2. Description of the Related Art

Various components of gas turbine engines can degrade over time, such as by wear and/or oxidation. In this regard, various overhaul procedures have been developed to restore components that have been degraded. For those components that are coated, the coatings typically are removed in order to prepare the surfaces of the components for receiving new coatings. However, care should be used in order to avoid further damaging the components during application of harsh surface treatments that are typically used to remove the old coatings.

SUMMARY

Masks and related methods for repairing gas turbine engine components are provided. In this regard, an exemplary embodiment of a method comprises using a self-coiling strip of material as a mask during application of a coating to a surface of the component.

Another exemplary embodiment of a method comprises: providing a self-coiling strip of material; positioning the strip of material at a masking location of the component such that the strip of material coils and is retained at the masking location; and applying a coating to the surface of the component such that the strip of material inhibits coating at the masking location.

An exemplary embodiment of a mask for use in repair of a gas turbine engine component comprises a re-usable strip of self-coiling material.

Other systems, methods, features and/or advantages of this disclosure will be or may become apparent to one with skill in the art upon examination of the following drawings and detailed description. It is intended that all such additional systems, methods, features and/or advantages be included within this description and be within the scope of the present disclosure.

BRIEF DESCRIPTION OF THE DRAWINGS

Many aspects of the disclosure can be better understood with reference to the following drawings. The components in the drawings are not necessarily to scale. Moreover, in the drawings, like reference numerals designate corresponding parts throughout the several views.

FIG. 1 is a schematic diagram of a representative gas turbine engine component.

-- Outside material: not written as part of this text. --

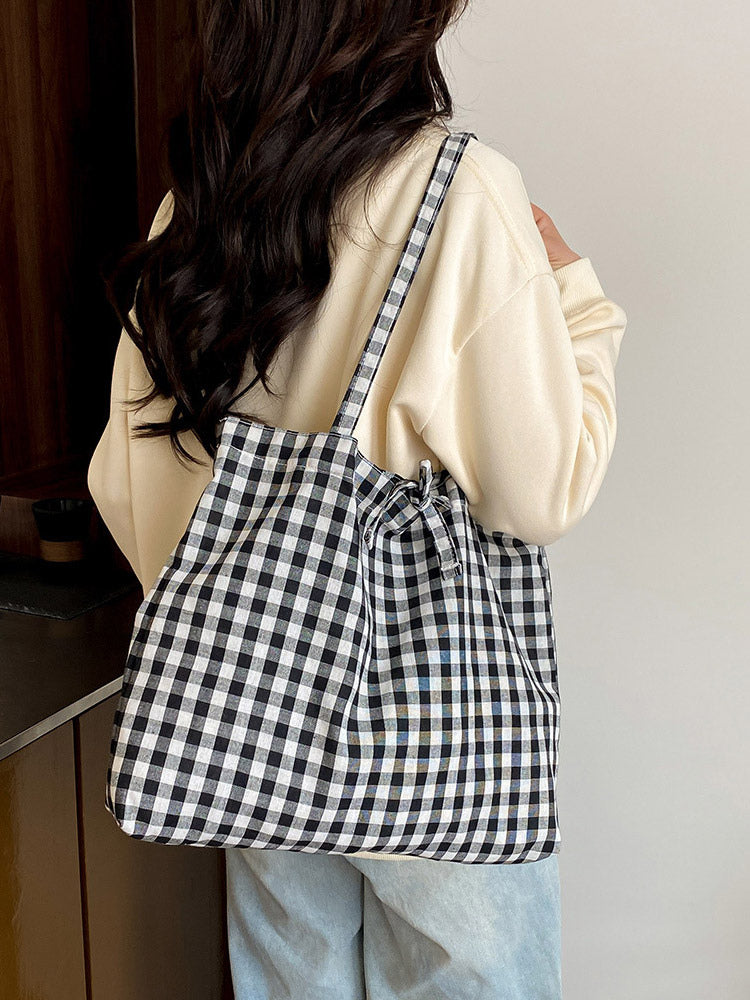 green handbag — view 9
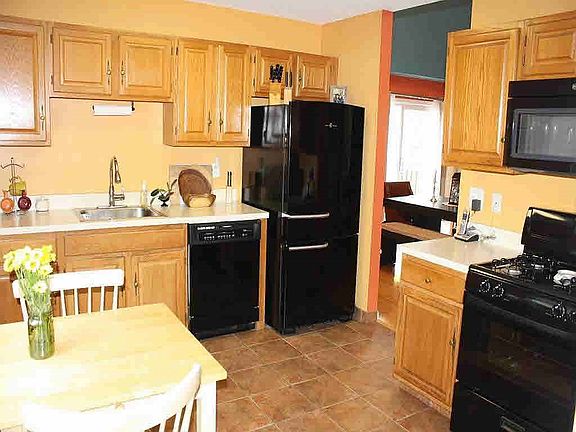 5th image of 504 Orchard Hill Ln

FIG. 2 is a schematic diagram depicting an embodiment of a mask.

FIG. 3 is a schematic, cross-sectional, cutaway view showing detail of the embodiment of the component of FIG. 1.

FIG. 4 is a flowchart depicting an embodiment of a method for repairing a gas turbine engine component.

FIG. 5 is a flowchart depicting another embodiment of a method for repairing a gas turbine engine component.

DETAILED DESCRIPTION

Gas turbine engine component repair methods and related systems are provided. In this regard, several exemplary embodiments will be described. In particular, some of these embodiments involve the use of a self-coiling strip of material as a mask during performance of coating application and/or stripping procedures. Notably, the self-coiling feature potentially results in a significant labor savings compared to prior art techniques that typically involve manual taping-off of locations that are to be masked. Additionally, by using a self-coiling mask, the masks can accommodate a range of component diameters. Thus, in addition to being re-usable, some embodiments can be used on components of different sizes.

Referring now in more detail to the drawings, FIG. 1 is a schematic diagram depicting a representative gas turbine engine component. Specifically, FIG. 1 depicts an embodiment of a high-pressure compressor outer air seal 100. Notably, component 100 has been previously coated, such as with plasma spray, and it is now desired that the component be stripped of that coating and recoated.

In this regard, FIG. 2 schematically depicts an embodiment of a mask than can be used during stripping and/or applying of a coating to a component, such as the component depicted in FIG. 1. As shown in FIG. 2, the mask 110 comprises a strip of material that is configured to coil upon itself as indicated by arrows A and B. In particular, the strip of material is of adequate length in this embodiment such that ends 112, 114 of the strip tend to overlap each other when the strip of material is in a relaxed state, although in other embodiments, the ends may not overlap. Notably, such a self-coiling mask exhibits a relaxed state from which the mask can be further coiled or uncoiled. When uncoiled from the relaxed state, the mask tends to exert a constrictive (inward) force, which can be used to retain the mask in position about an exterior of a component, for example. In contrast, when further (more tightly) coiled from the relaxed state, the mask tends to exert an expansive (outward) force, which can be used to retain the mask in position within a cavity of a component, for example.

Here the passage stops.